**DATA TO EXAMINE**.
=== Section Start ===

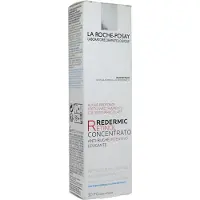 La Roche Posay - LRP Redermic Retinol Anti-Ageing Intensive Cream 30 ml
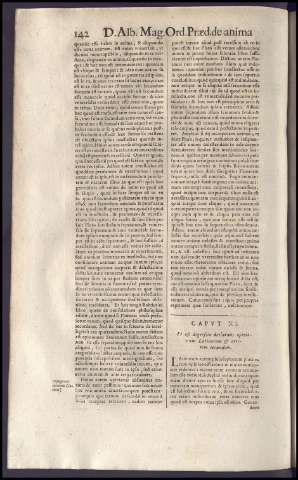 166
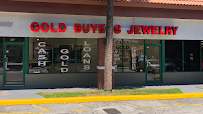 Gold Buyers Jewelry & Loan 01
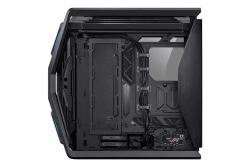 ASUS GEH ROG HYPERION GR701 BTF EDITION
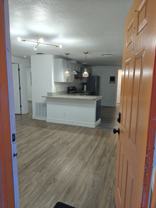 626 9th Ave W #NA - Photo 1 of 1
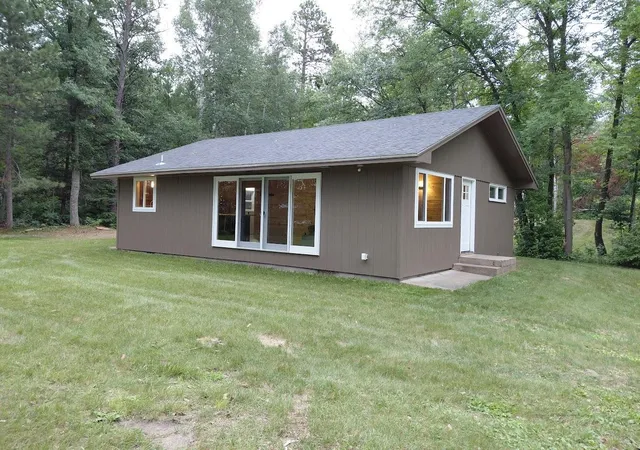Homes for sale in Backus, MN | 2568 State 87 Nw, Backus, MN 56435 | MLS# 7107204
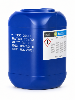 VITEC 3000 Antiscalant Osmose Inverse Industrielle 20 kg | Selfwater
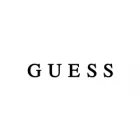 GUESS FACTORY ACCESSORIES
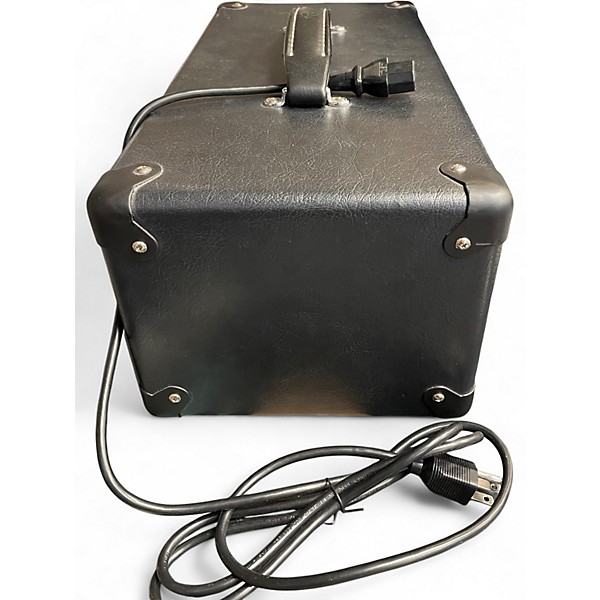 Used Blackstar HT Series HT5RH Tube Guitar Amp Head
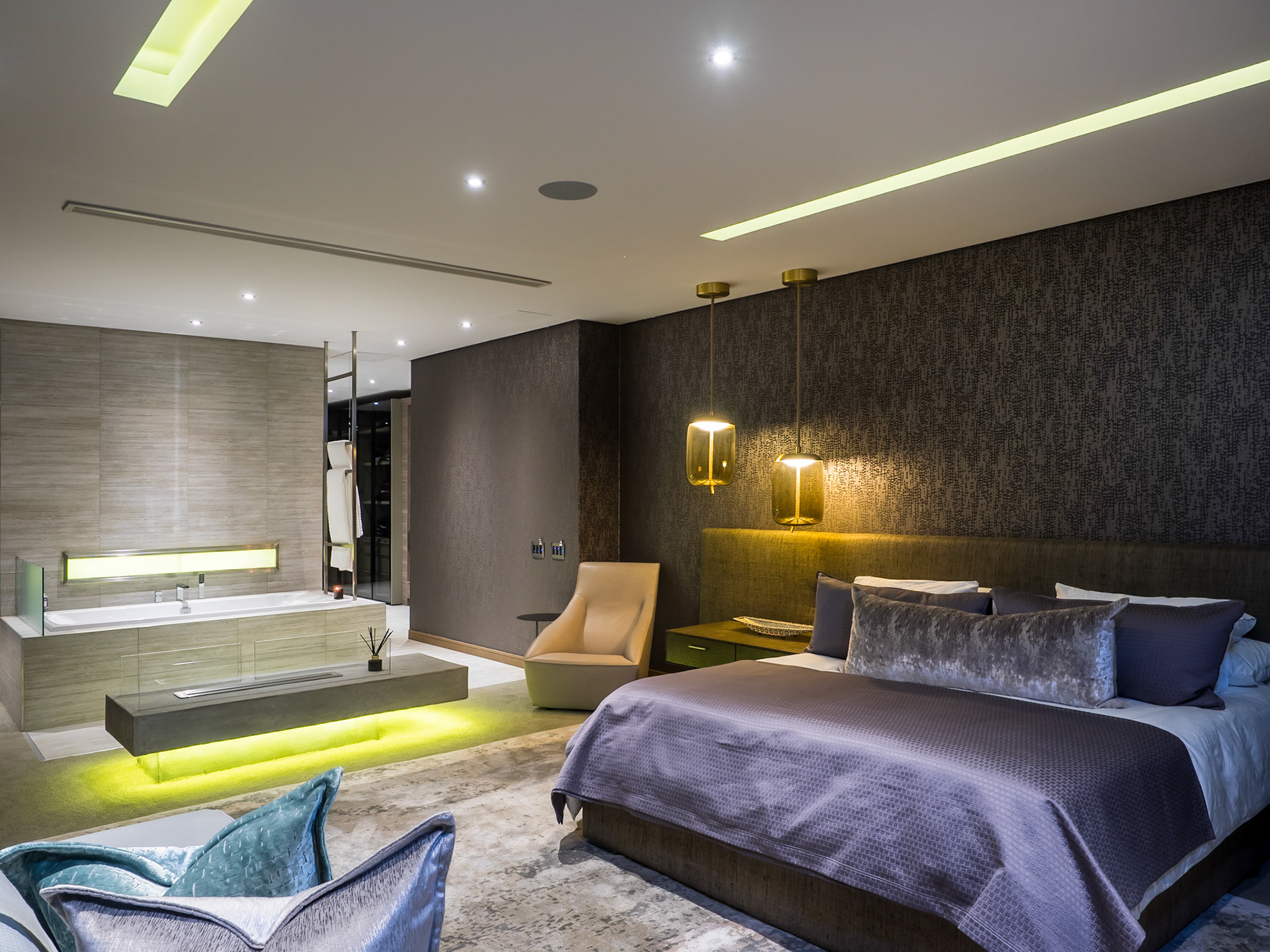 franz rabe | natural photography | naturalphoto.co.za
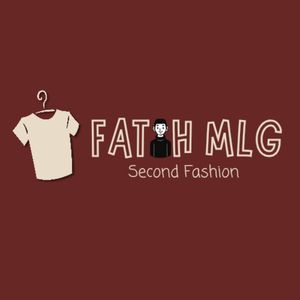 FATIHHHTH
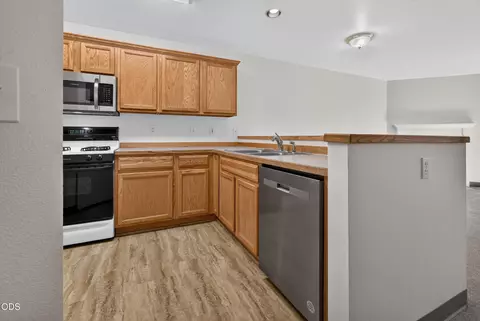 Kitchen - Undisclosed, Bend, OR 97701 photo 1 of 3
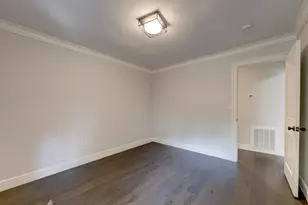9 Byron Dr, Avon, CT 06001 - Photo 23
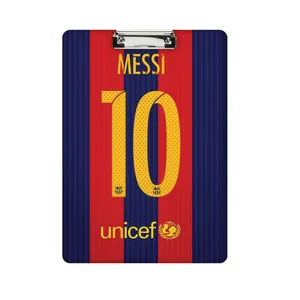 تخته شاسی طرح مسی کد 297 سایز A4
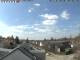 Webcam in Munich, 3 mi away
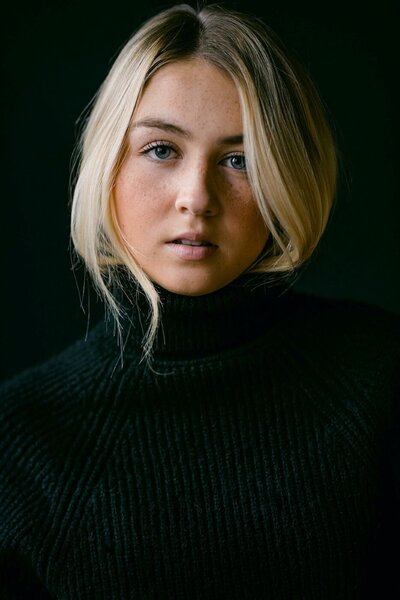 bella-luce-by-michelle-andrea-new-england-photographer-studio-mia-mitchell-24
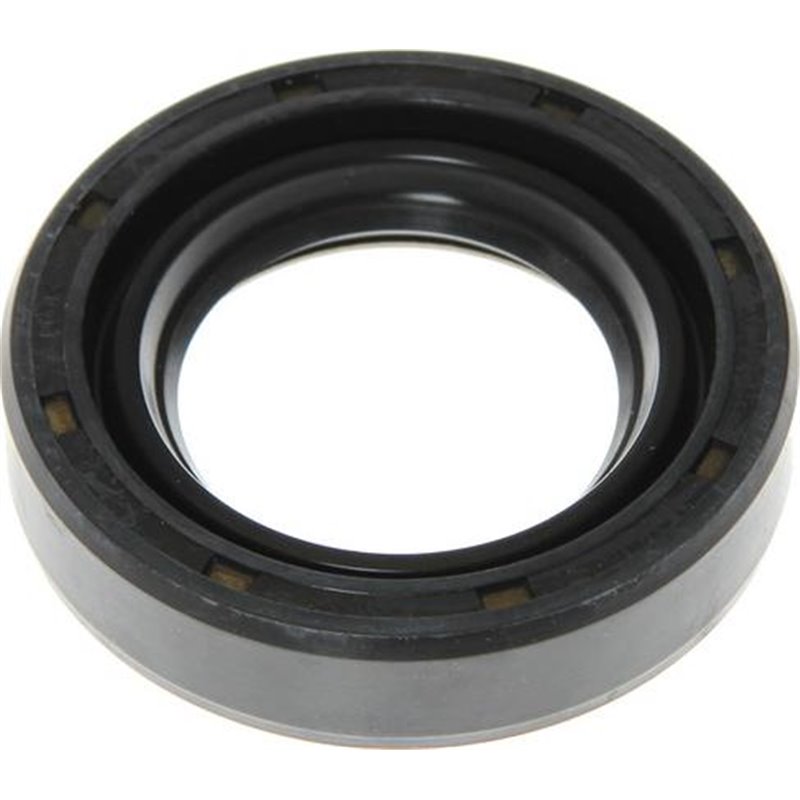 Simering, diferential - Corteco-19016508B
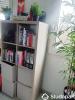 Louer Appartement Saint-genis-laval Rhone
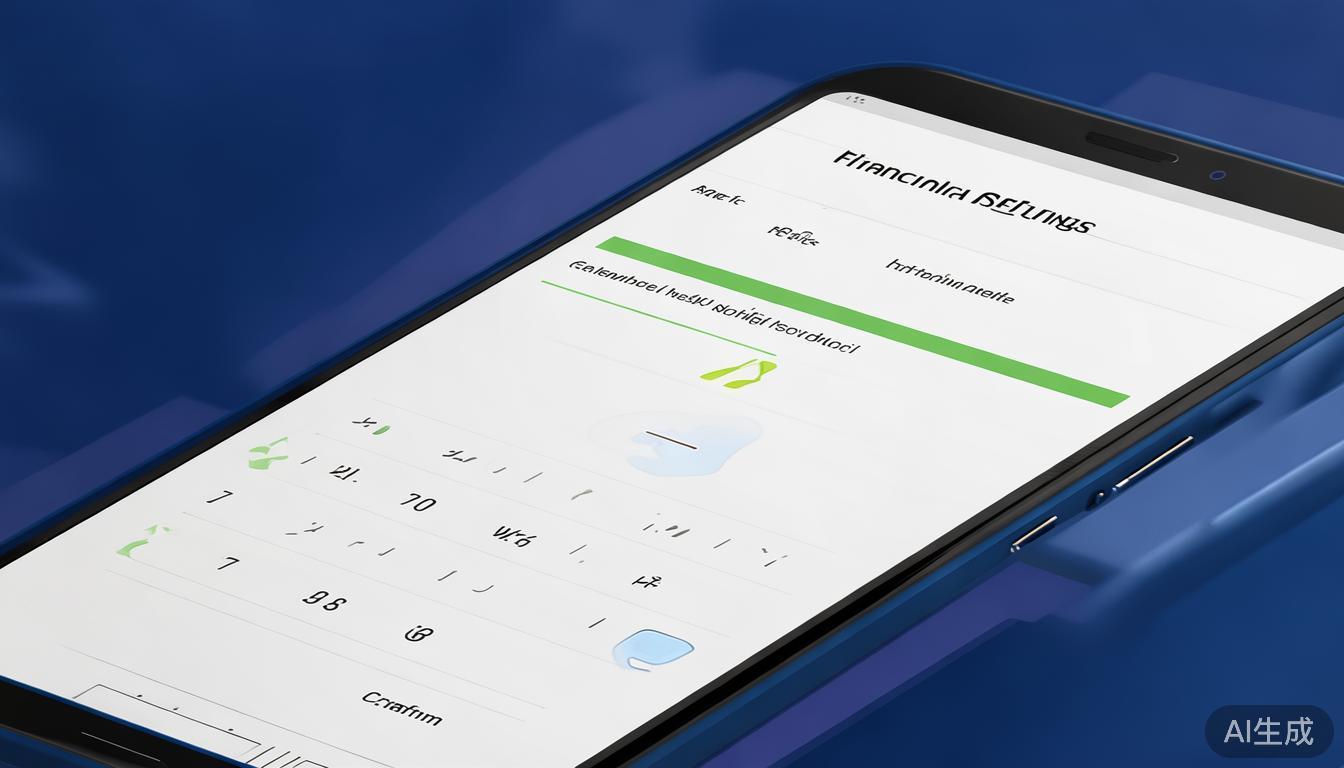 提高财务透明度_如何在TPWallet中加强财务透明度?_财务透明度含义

=== Section End ===
=== Section Start ===

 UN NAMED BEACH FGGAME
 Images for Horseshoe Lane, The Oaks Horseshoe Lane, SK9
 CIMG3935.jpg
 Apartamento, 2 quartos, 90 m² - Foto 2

=== Section End ===
=== Section Start ===

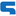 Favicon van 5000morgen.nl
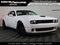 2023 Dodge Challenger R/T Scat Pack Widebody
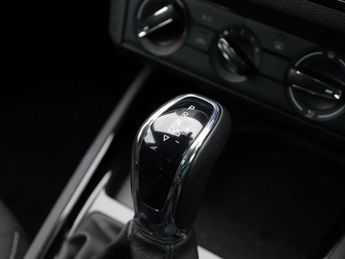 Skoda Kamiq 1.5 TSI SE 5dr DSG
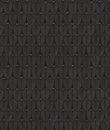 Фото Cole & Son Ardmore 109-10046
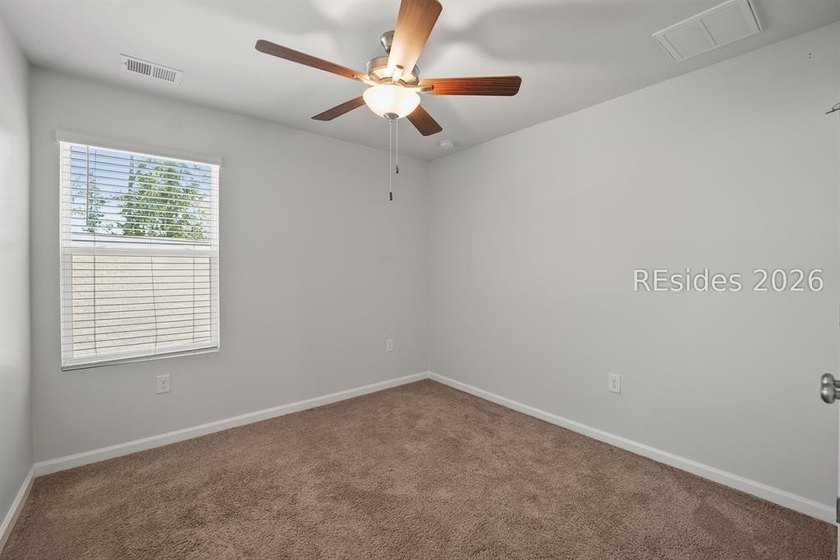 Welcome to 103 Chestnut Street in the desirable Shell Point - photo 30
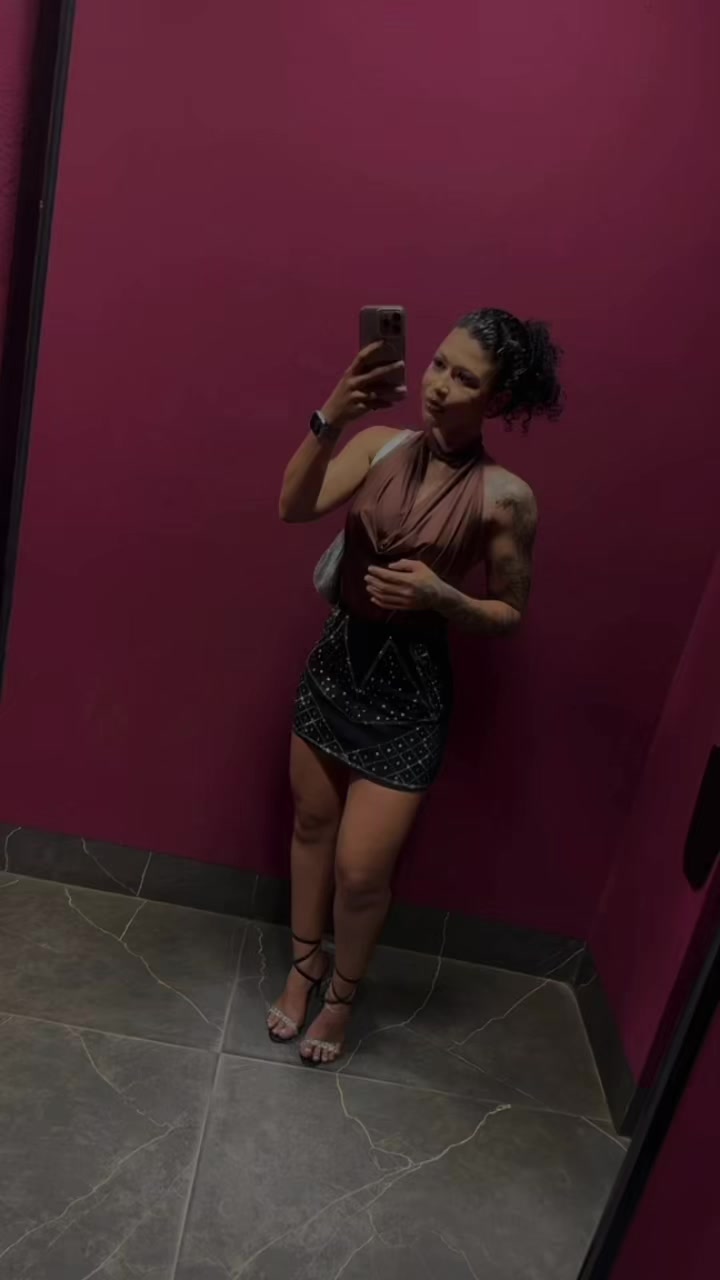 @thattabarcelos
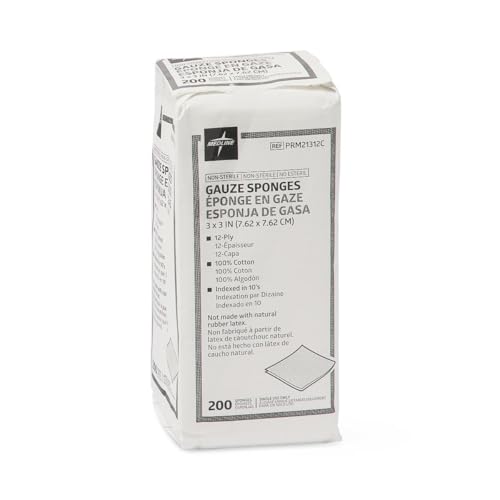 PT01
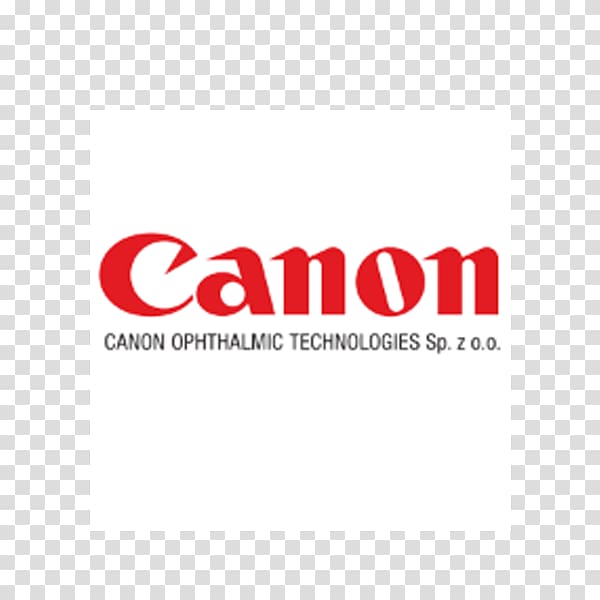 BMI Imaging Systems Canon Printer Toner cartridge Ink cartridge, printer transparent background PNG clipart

=== Section End ===

From the line containing "Simering, diferential - Corteco-19016508B" through the line containing "提高财务透明度_如何在TPWallet中加强财务透明度?_财务透明度含义", copy every line above exactly, without pictures.

**SOLUTION**.
 Simering, diferential - Corteco-19016508B
 Louer Appartement Saint-genis-laval Rhone
 提高财务透明度_如何在TPWallet中加强财务透明度?_财务透明度含义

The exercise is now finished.